Rees-mogg leads backlash against plan to raise capital gains tax
JACOB REES-MOGG has hit out at plans to increase capital gains tax (CGT) amid a mounting backlash against proposals to target investors and landlords.
In one of his first interventions since resigning from the Cabinet last month, the former business secretary yesterday suggested that a planned rise in the headline rate of the tax would put the property market at risk and damage economic growth.
His concerns were echoed by a chorus of business leaders and Tory donors including the Marks & Spencer chairman Archie Norman and Peter Hargreaves, founder of the FTSE 100 broker Hargreaves Lansdown.
Mr Rees-mogg said: “CGT is an inefficient tax where people simply delay transactions when it is too high.

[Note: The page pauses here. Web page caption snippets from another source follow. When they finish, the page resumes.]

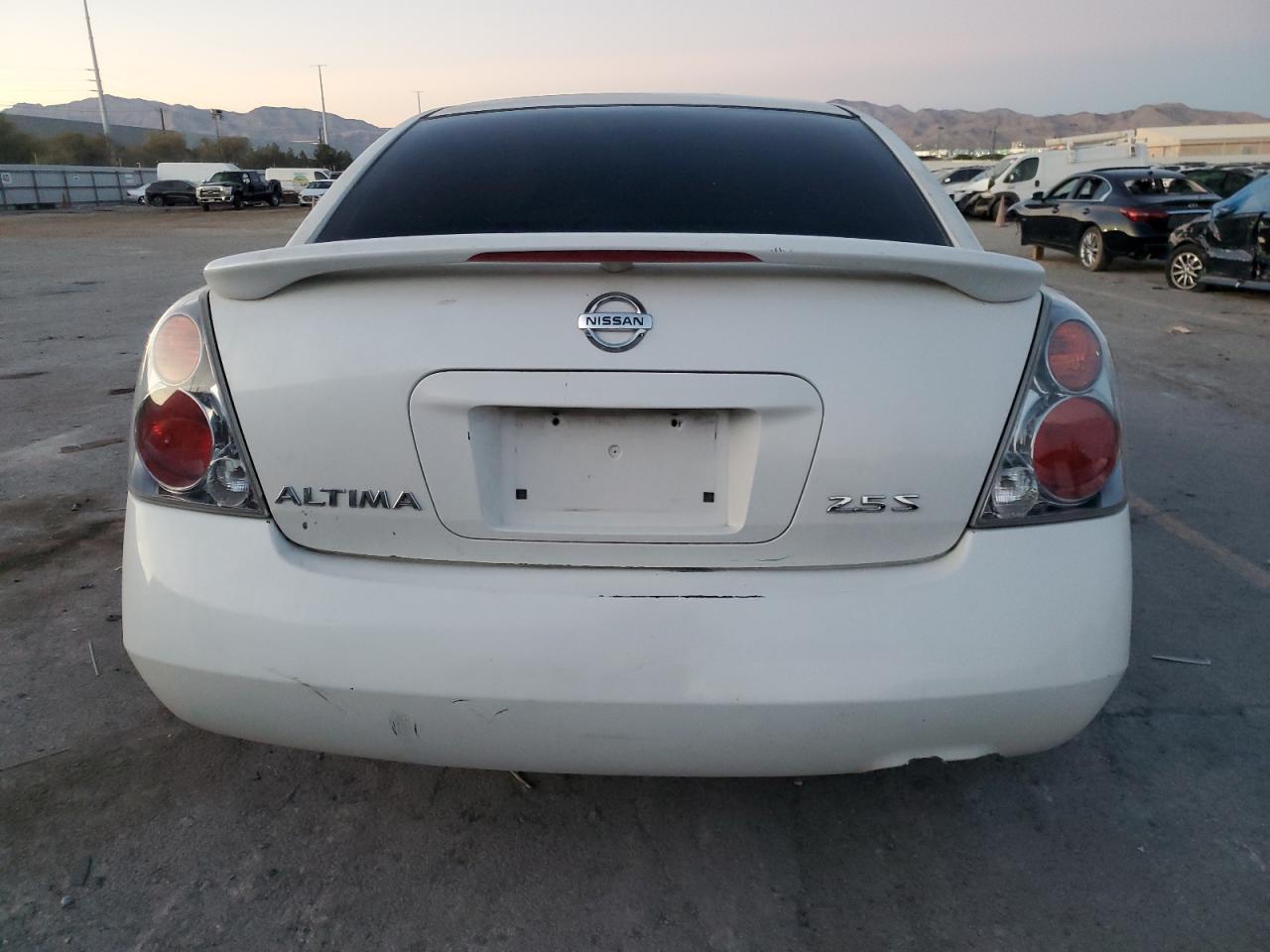 2005 Nissan Altima S - Фото 6
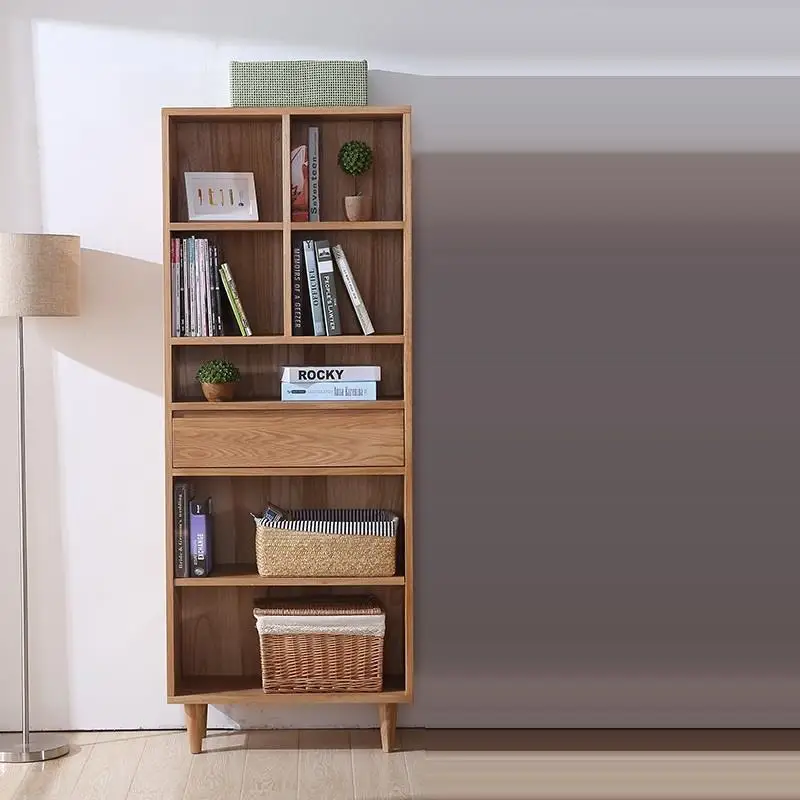 

Bureau Meuble Librero Bois Estante Para Livro Decoracion Cabinet Display Vintage Wood Retro Furniture Decoration Book Shelf Case
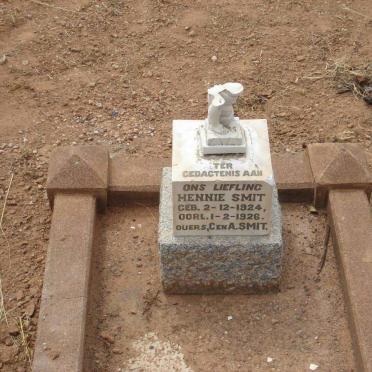 SMIT Hennie 1924-1926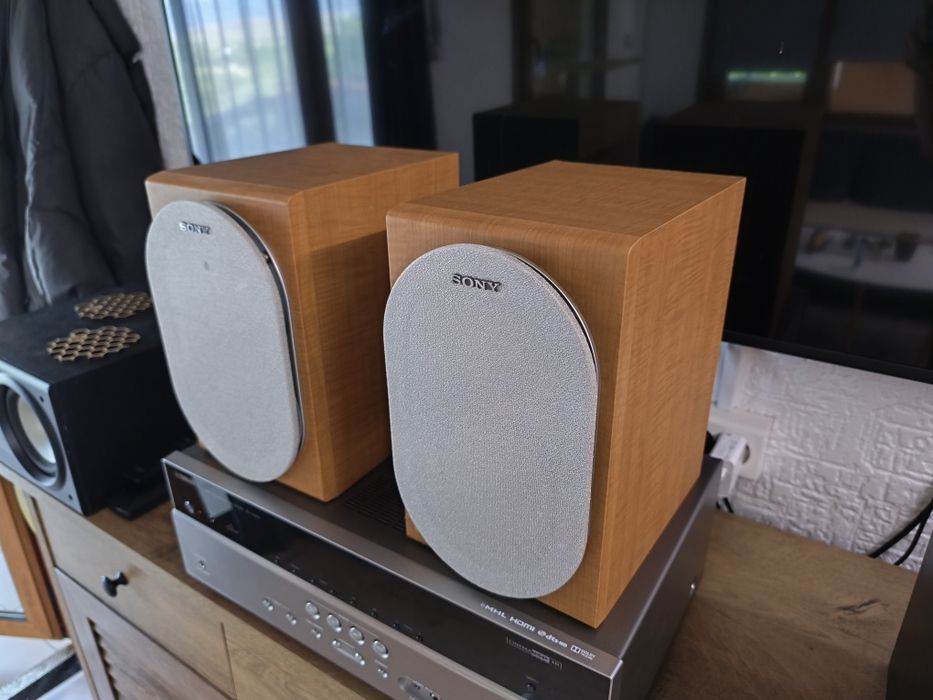 Букшелф тонколони Sony SS-CCP101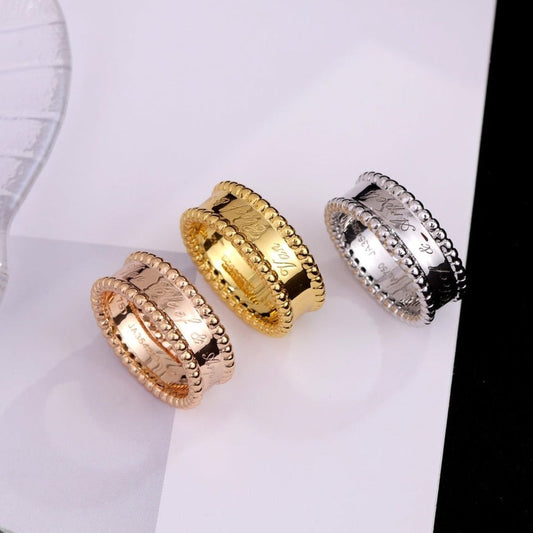 [⭐Mirelle]PERLEE SIGNATURE RING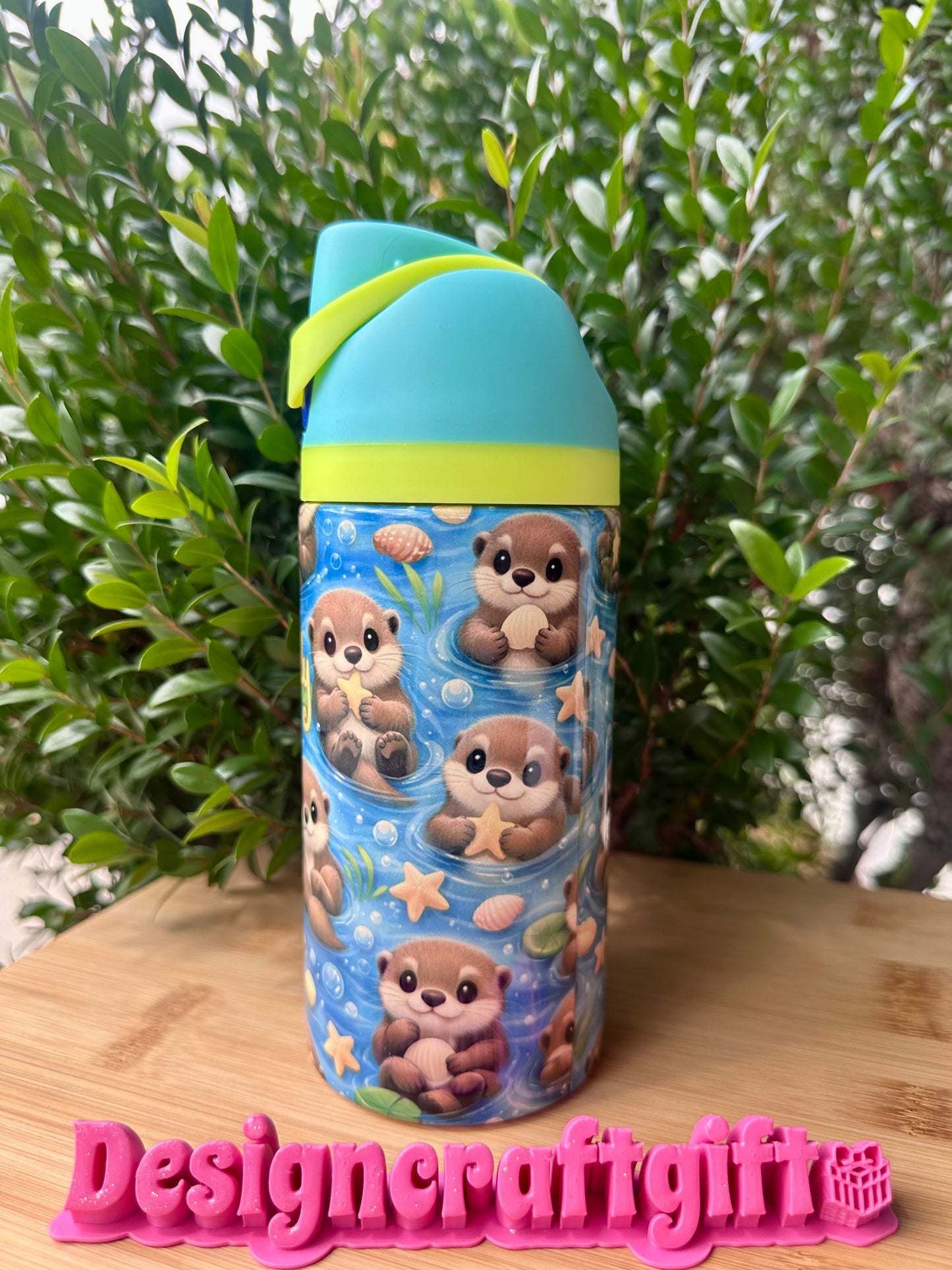 16oz Otter Tumbler
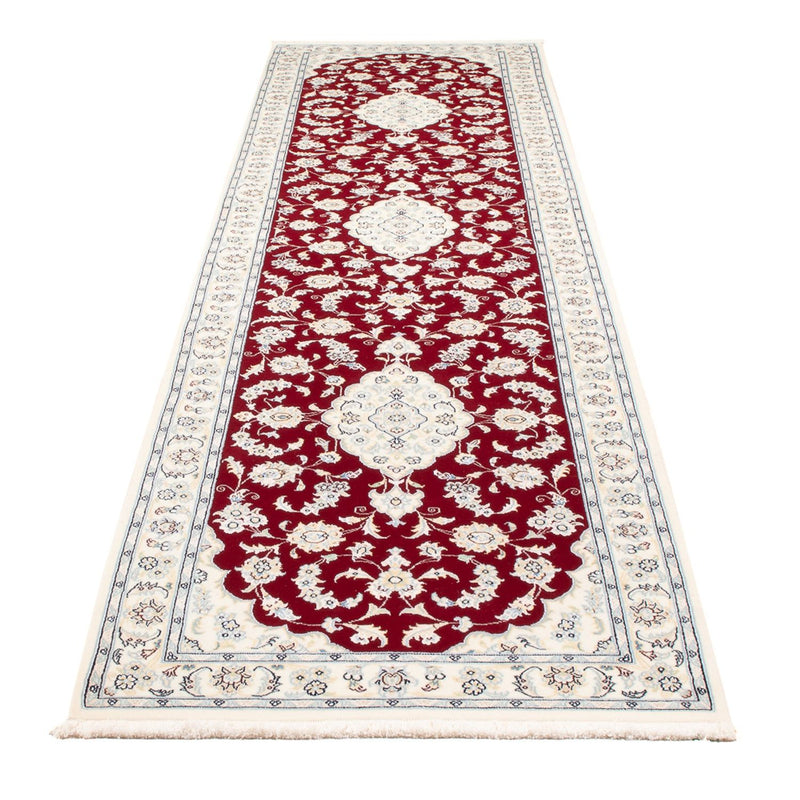 Nain - 6 la Teppe 350x85cm - Persisk teppe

“Increasing it is, therefore, economically inefficient and leads to the poor allocation of capital. This weakens economic growth.
“There would be a risk to the property market, already affected by rising interest rates, of any change to CGT as landlords may seek to leave the market.”
Another former Cabinet minister said many MPS were furious about the plans and added: “A large number of Conservatives are likely to be seething with anger but will accept that the leadership can govern in coalition with Labour if they have to.”
The Daily Telegraph revealed yesterday that Jeremy Hunt is preparing a raid on entrepreneurs, savers and landlords to help plug the £50bn hole in Britain’s public finances. CGT is taxed on assets including shares and buy-to-let property when they are sold. The Chancellor is examining changes to the headline rate, reliefs and allowances on CGT.
Tory donors accused the Government of being un-conservative over the plans. Lord Cruddas, the founder of trading business CMC Markets, said: “I fear the Conservative Party is no longer Conservative but an amalgamation of Lib Dem and Labour and Remainers.”